Goa is so different from Bombay. It's a rural state which came under the Portuguese rather than the British in the age of colonialism, and the Portuguese were of course Catholic. So the missionaries came too, and eventually set up schools so that today Goa is the most literate state in India. With the literacy and the increased trade came wealth, and although I don't know the comparative wealth of the state as a whole, the people look better fed that those further north, they are both taller and more rounded, and the houses, roads and fields look cleaner.

Of course it's silly to compare it with the city of Bombay, there is no concentration of people in such numbers. But the difference is still striking.



It's also a hilly and damp state. So the hills are covered in lush vegetation and tall trees, while in the valleys are rice paddy fields, still managed in the old ways with lots of human labour planting (3 crops a year) and harvesting, and opening and closing the various irrigation ditches with mattocks. The rain levels mean large rivers too, and as there are few bridges across them, there's a certain amount of traffic concentration as you get near to a bridge.
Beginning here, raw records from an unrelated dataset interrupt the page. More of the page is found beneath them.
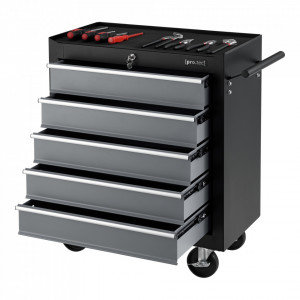 Dulap mobil scule cu 5 sertare, negru - P77991589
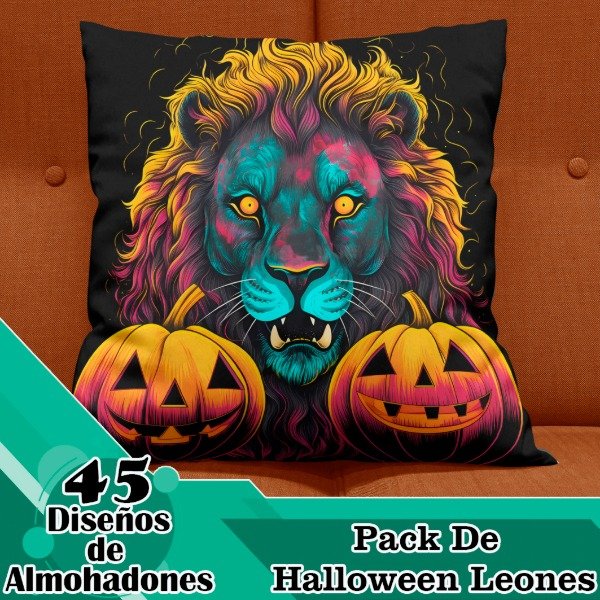Producto - Diseños Digitales / Plantillas Para Almohadones De Halloween Leones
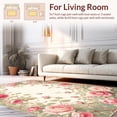 thumbnail image 2 of ODIKA 4'x6' Machine Washable Non-Slip Area Rug, Blossoming Garden Delight Accent with Delicate Rose High Traffic Rug, Pink, 218874, 2 of 7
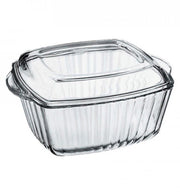 Borcam Square Oven Pot by Pasabahce – 2.6 liters, Tempered Glass, Transparent, Model 1017154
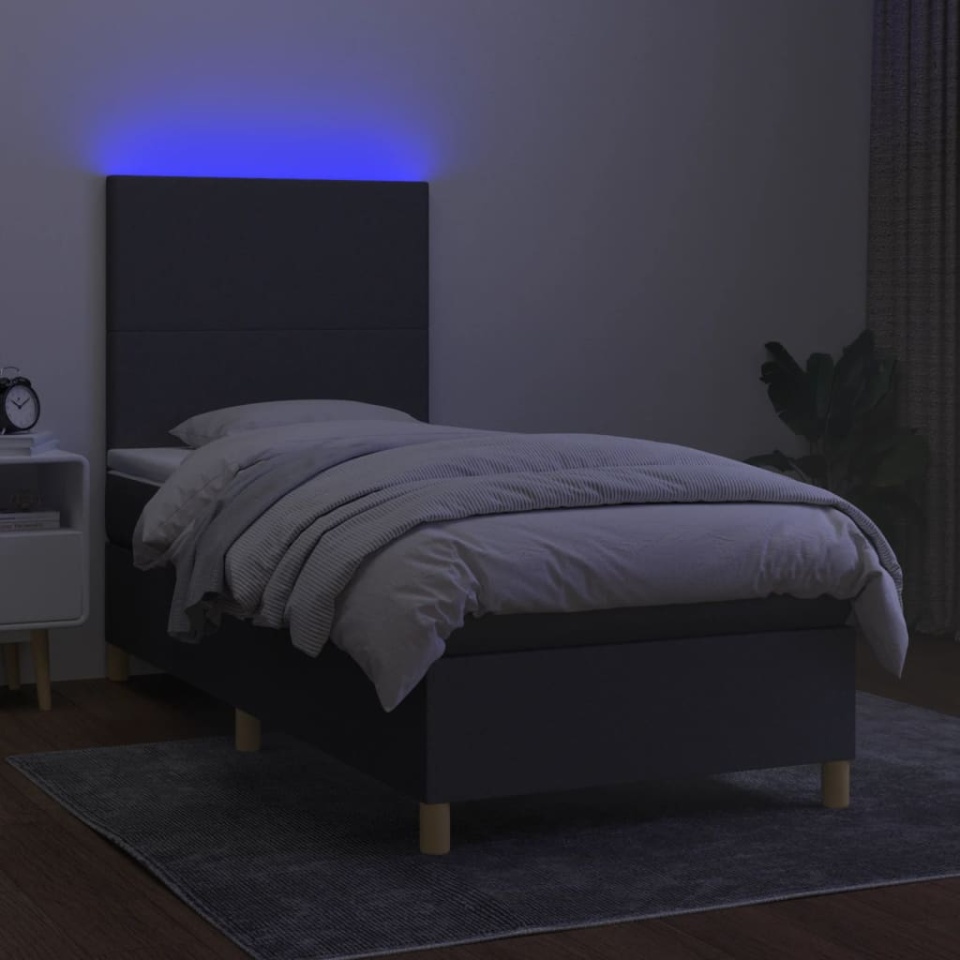 Pat cu arcuri, saltea și LED, gri închis, 90x200 cm, textil - 3 | YEO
The roads leave a lot to be desired, especialliy if you are in the back seat of a coach!

We made a short visit to an uninspiring Hindu temple of no particular significance apart from an unusual tower of lights in its grounds: the original is still there, cast in brass and designed to be filled with oil, about 30 feet high. It is overshadowed by a new tower fitted with electric bulbs instead. Technology has much to answer for.

The real objective of the trip was a spice plantation, to which I was looking forward. I remembered it from a previous visit, when we walked all round the experimental farm with its scientist owner, then a grandfather and a charming gentleman, and I had much enjoyed hearing about his work and being beneath the trees in the cool shade.

But I was disappointed. The venue had changed to another spice plantation whose aim was to become an eco-tourist centre. So they had a restaurant business, a shop selling the spices, an area for performing dancers, and a guest house if you wanted to stay overnight. The tour of spices was given by our guide from the coach who simply lectured us rather than talked to us, along a narrow path (this one was built on the side of a hill and theefore was a series of terraces) which covered a trail that would have fit in my garden.

The saving grace of the day was that we were delayed getting back to the ship, and therefore travelled in the dusk and evening light. So by the time we hit towns or villages again, their Christmas decorations were lit. There are mostly paper lanterns in the shape of a three-dimensional pentagon and their gentle light was beautiful. Maybe there would be a string of lights along the front of the house as well, but the effect was always enhanced by the modesty of the setup.